Today Algerian extremists aligned with IS declared in a video that they had beheaded a fourth hostage – a Frenchman seized in Algeria on Sunday – in retaliation for France joining the aerial assault against the militants in Iraq. President Francois Hollande said France would not be deterred by the act of “barbarity”.

“This particular group, they don’t strike only those who don’t think like they do. They also strike Muslims. They rape, they kill,” a visibly upset Mr Hollande told the UN. “It is for this reason that the fight the international community needs to wage versus terrorism knows no borders.”

Meanwhile, US allies lined up in support of the aerial campaign. The Dutch government announced it would send six F-16 fighter jets along with 250 pilots and support staff to strike at Islamic State targets in Iraq, while Parliament has been recalled to debate Britain’s response to a request to support the air strikes.

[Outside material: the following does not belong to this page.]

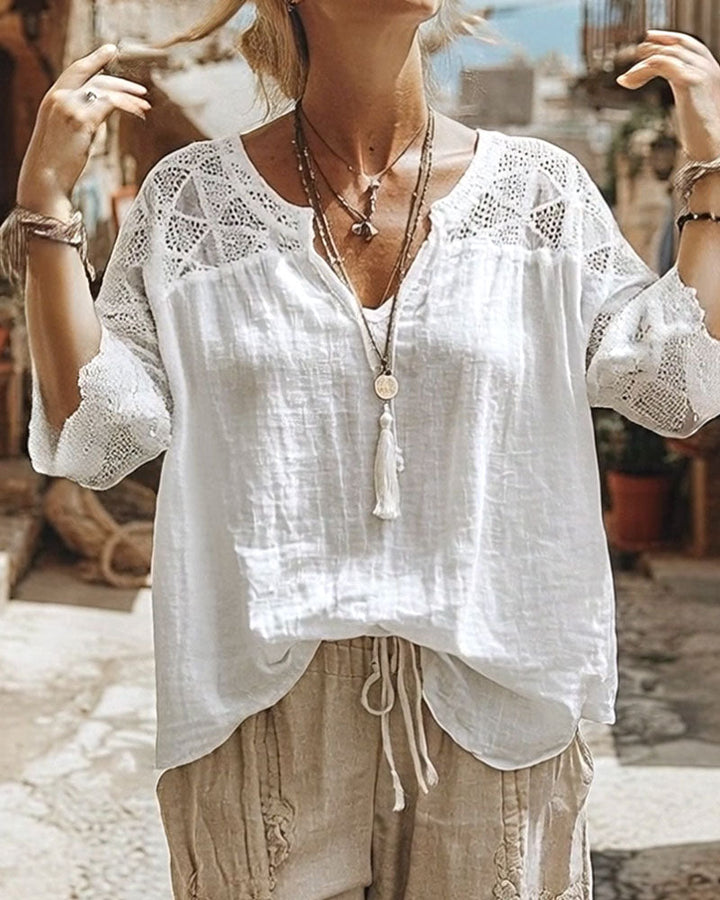 Cynthia | V-Neck Blouse with Lace Detail — view 2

The latest US strikes damaged eight IS vehicles in Syria near the Iraqi border town of Qaim, the US Central Command said. It also reported hitting two IS armed vehicles west of Baghdad, as well as two militant fighting positions in northern Iraq.

Pentagon spokesman Rear Admiral John Kirby said the strikes in eastern Syria hit a staging area used by the militants to move equipment across the border into Iraq.

He did not specify exactly where the air raids took place, but the Iraqi town of Qaim is across the border from the Syrian town of Boukamal, where Syrian activists reported at least 13 air strikes on suspected IS positions today.

He later said US and coalition forces hit 12 targets, including oil refineries that were providing up to $2m a day in income to IS.

Despite the start of the coalition campaign, IS fighters pressed their advance against Syrian Kurdish militiamen around the town of Ayn Arab, known to Kurds as Kobani, near the Turkish border, where refugees fleeing into Turkey reported the beheading of captives and the torching of homes.

A Kurdish militiaman fighting to protect the city said militants were less than half a mile from the outskirts.

Weary refugees arriving in Turkey described atrocities at the hands of the militants. Osman Nawaf, 59, said he saw about 50 bodies hanging headless in the village of Boras when he passed it on his three-day walk from a village on the outskirts of Kobani.

Halil Aslan, 48, a villager in Turkey, recounted seeing IS tanks roll into a village on the Syrian side.

“They shelled the place with tanks and mortars,” he said. “We could hear them falling on those hills.”

A video posted online showed what appeared to be IS fighters toting assault rifles and fanning out across a dusty field in the Kobani area. A later clip showed a field cannon firing a shell towards a town located across a rolling expanse of brown fields, followed by a puff of smoke in the distance.